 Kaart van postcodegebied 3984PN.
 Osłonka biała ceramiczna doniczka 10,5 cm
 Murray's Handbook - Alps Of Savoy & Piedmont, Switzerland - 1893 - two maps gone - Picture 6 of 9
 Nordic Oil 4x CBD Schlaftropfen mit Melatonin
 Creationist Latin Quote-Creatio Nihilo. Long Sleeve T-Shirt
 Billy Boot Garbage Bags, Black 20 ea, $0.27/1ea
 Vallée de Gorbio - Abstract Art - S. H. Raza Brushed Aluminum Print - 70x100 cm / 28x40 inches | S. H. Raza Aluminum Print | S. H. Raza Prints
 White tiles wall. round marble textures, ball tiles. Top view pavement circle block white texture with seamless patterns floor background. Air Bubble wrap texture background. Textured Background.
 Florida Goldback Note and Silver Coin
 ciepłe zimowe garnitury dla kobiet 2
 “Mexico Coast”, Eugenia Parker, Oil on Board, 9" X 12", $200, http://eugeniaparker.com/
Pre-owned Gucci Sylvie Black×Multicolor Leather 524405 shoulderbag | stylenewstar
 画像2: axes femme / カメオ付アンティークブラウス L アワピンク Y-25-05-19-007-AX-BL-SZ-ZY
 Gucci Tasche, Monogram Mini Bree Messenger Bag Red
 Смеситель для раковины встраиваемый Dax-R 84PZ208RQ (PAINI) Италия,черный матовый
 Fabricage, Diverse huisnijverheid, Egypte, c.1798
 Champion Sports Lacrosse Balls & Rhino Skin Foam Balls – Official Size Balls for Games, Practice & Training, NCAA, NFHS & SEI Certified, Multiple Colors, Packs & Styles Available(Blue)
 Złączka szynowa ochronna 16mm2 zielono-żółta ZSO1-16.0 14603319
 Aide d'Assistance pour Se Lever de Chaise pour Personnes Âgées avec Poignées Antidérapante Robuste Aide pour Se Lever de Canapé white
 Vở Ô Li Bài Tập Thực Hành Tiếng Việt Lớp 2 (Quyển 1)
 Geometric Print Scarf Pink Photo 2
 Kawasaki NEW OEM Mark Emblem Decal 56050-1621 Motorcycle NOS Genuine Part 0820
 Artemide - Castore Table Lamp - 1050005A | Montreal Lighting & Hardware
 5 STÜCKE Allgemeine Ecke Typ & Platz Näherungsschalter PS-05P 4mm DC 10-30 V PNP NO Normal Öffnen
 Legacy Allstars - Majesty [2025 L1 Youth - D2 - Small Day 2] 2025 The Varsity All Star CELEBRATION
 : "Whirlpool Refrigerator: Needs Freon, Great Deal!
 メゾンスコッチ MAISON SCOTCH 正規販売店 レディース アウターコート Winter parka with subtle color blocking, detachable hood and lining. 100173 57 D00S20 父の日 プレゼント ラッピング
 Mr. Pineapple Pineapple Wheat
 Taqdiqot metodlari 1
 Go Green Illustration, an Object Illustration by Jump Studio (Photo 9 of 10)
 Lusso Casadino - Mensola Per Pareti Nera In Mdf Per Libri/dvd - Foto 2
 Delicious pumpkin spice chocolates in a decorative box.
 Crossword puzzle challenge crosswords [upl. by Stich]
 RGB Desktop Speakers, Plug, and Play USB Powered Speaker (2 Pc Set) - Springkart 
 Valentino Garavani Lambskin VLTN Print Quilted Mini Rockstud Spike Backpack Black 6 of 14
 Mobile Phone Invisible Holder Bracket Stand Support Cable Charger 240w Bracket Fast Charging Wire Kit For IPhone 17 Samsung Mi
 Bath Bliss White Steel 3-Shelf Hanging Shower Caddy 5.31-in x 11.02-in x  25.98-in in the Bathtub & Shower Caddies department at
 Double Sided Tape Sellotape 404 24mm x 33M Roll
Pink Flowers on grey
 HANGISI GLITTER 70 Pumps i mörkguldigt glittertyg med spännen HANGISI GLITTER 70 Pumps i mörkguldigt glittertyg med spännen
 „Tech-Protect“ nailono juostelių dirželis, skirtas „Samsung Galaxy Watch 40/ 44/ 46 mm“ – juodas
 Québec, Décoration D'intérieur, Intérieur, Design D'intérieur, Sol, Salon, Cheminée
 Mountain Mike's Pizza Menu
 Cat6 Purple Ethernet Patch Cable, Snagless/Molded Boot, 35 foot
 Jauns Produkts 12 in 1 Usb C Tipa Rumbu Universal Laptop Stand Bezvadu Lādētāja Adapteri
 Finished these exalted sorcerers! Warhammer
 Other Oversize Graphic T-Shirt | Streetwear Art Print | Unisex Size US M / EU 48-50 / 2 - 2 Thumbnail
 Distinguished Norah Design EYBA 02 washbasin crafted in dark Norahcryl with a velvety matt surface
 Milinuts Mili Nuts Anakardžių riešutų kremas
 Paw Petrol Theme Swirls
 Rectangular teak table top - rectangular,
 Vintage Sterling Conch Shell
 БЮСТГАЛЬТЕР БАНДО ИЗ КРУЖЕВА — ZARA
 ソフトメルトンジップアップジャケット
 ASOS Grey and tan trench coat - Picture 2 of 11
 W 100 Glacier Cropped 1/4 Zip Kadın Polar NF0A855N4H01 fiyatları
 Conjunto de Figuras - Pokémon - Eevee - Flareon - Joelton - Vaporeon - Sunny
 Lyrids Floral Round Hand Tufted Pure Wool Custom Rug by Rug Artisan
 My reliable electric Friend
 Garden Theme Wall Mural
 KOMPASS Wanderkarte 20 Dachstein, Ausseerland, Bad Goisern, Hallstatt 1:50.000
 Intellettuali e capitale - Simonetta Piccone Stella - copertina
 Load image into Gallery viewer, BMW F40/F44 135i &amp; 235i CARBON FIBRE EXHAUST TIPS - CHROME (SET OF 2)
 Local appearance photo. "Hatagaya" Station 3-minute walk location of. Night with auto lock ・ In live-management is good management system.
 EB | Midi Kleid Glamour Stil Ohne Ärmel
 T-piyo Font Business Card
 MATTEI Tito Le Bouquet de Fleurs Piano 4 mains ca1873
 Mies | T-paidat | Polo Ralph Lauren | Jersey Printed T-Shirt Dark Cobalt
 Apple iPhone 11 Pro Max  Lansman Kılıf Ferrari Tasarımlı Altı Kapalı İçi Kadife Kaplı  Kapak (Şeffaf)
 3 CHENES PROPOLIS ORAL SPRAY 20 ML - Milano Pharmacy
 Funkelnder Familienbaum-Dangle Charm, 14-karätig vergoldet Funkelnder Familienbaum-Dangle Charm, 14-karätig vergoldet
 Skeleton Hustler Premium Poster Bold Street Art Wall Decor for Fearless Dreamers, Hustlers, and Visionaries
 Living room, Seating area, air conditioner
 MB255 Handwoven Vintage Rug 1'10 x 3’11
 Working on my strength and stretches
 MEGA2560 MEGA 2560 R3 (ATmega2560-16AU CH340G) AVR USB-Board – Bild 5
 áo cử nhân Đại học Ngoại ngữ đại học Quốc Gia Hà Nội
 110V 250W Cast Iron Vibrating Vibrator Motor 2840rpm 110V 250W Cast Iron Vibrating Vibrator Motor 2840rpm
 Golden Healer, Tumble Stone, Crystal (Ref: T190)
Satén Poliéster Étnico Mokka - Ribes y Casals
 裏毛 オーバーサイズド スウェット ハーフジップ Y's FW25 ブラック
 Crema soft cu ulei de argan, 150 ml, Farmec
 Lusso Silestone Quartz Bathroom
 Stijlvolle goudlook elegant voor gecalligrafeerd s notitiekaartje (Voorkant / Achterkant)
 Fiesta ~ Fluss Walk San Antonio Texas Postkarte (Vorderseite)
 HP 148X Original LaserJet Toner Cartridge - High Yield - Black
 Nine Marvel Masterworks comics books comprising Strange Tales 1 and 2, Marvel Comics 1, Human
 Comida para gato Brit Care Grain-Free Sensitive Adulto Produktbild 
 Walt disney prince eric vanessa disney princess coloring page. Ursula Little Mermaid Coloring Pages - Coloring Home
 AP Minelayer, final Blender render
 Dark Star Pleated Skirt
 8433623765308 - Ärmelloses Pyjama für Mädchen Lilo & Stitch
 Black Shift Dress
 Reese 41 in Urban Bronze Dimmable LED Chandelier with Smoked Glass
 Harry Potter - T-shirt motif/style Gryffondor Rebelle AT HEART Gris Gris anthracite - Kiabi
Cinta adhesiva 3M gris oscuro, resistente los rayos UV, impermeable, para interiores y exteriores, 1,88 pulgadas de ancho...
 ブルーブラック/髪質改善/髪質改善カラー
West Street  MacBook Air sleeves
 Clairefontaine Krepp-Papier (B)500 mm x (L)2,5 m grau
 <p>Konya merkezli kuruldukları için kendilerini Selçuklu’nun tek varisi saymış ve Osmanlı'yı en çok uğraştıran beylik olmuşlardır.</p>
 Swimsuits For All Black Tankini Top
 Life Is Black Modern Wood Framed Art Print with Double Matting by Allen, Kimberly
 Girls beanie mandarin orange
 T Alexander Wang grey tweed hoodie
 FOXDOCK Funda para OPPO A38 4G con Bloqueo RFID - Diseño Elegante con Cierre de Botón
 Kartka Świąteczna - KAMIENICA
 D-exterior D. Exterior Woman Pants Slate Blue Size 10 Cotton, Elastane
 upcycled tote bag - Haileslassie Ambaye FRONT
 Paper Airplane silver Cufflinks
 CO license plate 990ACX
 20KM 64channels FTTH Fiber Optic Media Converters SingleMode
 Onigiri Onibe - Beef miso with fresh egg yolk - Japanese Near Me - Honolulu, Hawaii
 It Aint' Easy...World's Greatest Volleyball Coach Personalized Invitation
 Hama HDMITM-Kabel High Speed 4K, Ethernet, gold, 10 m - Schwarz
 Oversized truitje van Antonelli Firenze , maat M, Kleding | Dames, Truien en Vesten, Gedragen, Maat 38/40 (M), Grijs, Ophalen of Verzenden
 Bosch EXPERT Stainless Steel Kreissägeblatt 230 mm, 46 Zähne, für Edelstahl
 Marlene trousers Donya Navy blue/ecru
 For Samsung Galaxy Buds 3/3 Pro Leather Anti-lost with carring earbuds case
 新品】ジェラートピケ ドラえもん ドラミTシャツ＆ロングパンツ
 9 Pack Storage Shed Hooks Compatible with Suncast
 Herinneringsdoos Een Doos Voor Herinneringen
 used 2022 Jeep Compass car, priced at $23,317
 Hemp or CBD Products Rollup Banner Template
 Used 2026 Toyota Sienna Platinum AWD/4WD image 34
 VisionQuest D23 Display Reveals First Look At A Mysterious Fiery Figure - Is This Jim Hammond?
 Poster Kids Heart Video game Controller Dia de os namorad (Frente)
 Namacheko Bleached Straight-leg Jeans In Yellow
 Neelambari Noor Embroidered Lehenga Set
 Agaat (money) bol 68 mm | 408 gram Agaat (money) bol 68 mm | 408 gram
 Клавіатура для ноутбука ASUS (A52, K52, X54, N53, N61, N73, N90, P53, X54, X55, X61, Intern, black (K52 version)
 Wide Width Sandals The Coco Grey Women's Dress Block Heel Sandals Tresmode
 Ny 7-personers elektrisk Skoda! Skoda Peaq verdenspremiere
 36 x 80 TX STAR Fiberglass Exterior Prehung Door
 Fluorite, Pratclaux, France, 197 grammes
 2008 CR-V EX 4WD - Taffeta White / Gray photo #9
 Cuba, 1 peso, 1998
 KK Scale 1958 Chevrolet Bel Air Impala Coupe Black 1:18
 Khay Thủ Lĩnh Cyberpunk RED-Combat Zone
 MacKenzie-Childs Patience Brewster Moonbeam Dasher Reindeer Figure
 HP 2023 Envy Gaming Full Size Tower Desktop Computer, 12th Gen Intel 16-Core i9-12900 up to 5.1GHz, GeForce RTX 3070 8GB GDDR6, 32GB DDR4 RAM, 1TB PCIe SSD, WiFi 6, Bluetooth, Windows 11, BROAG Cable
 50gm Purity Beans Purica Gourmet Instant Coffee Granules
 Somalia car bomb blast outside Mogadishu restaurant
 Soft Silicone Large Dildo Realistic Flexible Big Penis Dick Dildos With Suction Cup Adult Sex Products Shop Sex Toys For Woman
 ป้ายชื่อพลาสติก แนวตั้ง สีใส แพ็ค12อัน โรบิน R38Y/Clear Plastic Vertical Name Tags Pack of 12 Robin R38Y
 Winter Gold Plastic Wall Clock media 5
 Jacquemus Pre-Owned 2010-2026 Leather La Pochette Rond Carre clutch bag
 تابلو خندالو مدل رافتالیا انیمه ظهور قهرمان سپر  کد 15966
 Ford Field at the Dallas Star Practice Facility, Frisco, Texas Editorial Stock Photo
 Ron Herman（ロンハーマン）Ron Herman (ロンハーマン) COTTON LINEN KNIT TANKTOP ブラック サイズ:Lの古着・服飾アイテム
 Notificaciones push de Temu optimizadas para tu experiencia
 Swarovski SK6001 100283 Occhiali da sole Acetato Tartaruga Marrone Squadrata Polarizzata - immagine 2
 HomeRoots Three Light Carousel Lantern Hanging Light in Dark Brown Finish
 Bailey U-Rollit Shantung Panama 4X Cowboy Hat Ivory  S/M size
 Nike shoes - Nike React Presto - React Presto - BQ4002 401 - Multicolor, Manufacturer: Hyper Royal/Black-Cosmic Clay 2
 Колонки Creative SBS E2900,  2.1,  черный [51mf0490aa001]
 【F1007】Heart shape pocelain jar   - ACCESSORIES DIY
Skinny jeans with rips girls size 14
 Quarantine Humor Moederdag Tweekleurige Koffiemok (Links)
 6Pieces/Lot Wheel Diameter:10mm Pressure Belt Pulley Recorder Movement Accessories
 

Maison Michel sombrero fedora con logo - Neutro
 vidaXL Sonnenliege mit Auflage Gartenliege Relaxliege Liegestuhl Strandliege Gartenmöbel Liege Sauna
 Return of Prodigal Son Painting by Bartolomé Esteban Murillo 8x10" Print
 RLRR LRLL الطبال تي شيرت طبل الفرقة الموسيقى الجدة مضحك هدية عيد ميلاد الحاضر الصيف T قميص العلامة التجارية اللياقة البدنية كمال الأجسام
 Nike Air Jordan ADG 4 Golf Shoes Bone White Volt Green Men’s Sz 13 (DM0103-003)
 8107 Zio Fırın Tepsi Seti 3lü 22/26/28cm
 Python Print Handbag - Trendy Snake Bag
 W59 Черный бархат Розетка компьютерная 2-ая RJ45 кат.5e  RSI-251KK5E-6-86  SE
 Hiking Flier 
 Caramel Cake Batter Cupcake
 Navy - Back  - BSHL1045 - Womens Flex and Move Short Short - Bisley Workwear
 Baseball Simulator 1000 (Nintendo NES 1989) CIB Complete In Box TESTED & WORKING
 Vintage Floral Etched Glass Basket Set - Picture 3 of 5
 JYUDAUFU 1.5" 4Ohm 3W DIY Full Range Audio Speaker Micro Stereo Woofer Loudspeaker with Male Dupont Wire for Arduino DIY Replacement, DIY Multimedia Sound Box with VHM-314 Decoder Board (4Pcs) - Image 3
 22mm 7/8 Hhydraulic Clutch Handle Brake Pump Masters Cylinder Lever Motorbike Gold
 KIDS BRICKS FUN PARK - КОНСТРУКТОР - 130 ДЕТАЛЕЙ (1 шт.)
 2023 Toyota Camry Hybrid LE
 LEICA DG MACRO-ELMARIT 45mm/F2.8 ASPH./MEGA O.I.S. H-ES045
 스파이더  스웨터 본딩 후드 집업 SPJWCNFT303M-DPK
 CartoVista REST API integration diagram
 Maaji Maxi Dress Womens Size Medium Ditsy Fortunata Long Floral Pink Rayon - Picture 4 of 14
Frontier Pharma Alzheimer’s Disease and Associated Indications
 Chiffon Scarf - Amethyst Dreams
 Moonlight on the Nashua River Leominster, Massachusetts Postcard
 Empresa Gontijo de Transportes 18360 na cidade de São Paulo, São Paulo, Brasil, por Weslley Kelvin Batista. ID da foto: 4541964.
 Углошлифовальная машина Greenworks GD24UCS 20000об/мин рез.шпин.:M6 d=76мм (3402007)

--

## Problem to solve
When you reach the line holding "Finished these exalted sorcerers! Warhammer" in the records above, begin reproducing exactly, stop after the line holding "Rectangular teak table", and output nothing else.

## Exercise answer
 Finished these exalted sorcerers! Warhammer
 Other Oversize Graphic T-Shirt | Streetwear Art Print | Unisex Size US M / EU 48-50 / 2 - 2 Thumbnail
 Distinguished Norah Design EYBA 02 washbasin crafted in dark Norahcryl with a velvety matt surface
 Milinuts Mili Nuts Anakardžių riešutų kremas
 Paw Petrol Theme Swirls
 Rectangular teak table top - rectangular,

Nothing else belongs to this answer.